Centos – Why does the samba server serve data so slowly even when said data is cached


I have a CentOS 5.6 server with the base Samba install. It has an 8 drive Raid 5 attached to an Areca 1880, hdparm tests give me back ~450MBps and I can confirm close to that with a dd to /dev/null. Serving out files to the network is a 10gbe Myricom card, and the clients are all 1gbe broadcom/intel/etc, on the same switch.

The problem I have seems to be fairly consistent throughout, single stream file copy performance is poor when the files have not been cached into memory on the server. I am talking about 9-12MB files if I copy a 1GB file, performance is through the roof, usually 90%+ on the 1gbe clients. When I copy 9-12MB files, say 100 of them, it will get roughly 40-50% usage, once they are cached on the server it will do MAYBE 55-65% usage on the 1gbe client NIC, but never more.

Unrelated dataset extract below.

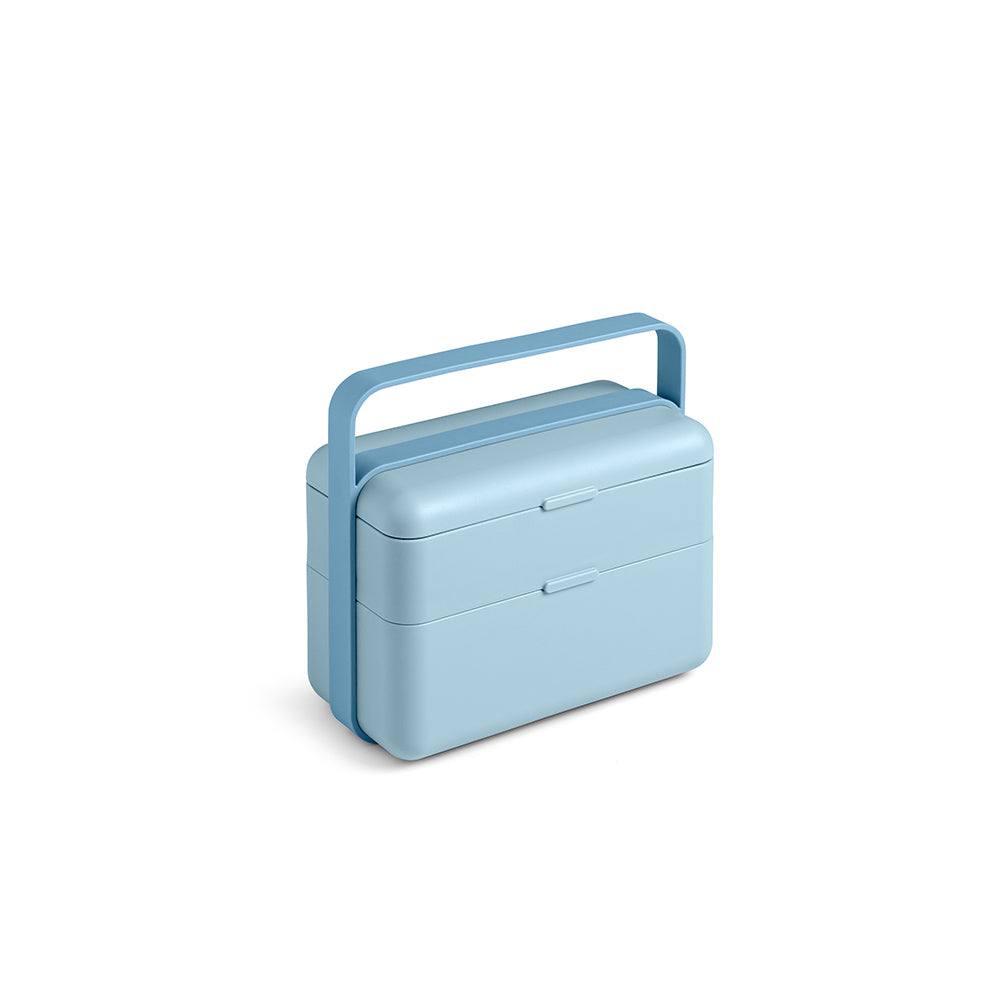 Blim Plus Italy Bauletto Lunch Box Medium - Ocean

Why?!?

I can copy multiple cached sequential file sequences and get to maybe 85%+ usage on the client NIC, why can't a single file sequence hit 95%+? All the clients are setup to offload tx/rx packets to the adapter, unfortunately they aren't using Jumbo Frames but I have tested with Jumbos turned on and still saw the same performance.

Best Answer

Large, sequential access is the best case scenario, and what you say, your system saturates the pipe in that scenario.

Many smaller files vs one big file result in metadata and possibly locking overhead. I guess that with more than one stream you get several transmiting data, and on multi-core system they can do it in parallel, increasing bandidth. This behaviour seems to indicate, that you are bound by a single-thread performance for many small files. If you can test with a SSD you'll know, if the performance problem is from disk I/O (locking, modifying access times, metadata) or are you CPU bound (you could also see a samba process eating a whole core on top display while transferring data, which would be a good indicator).

You can also play with SystemTap and see where exactly is kernel spending the time in "large file" and "many small files" scenarios.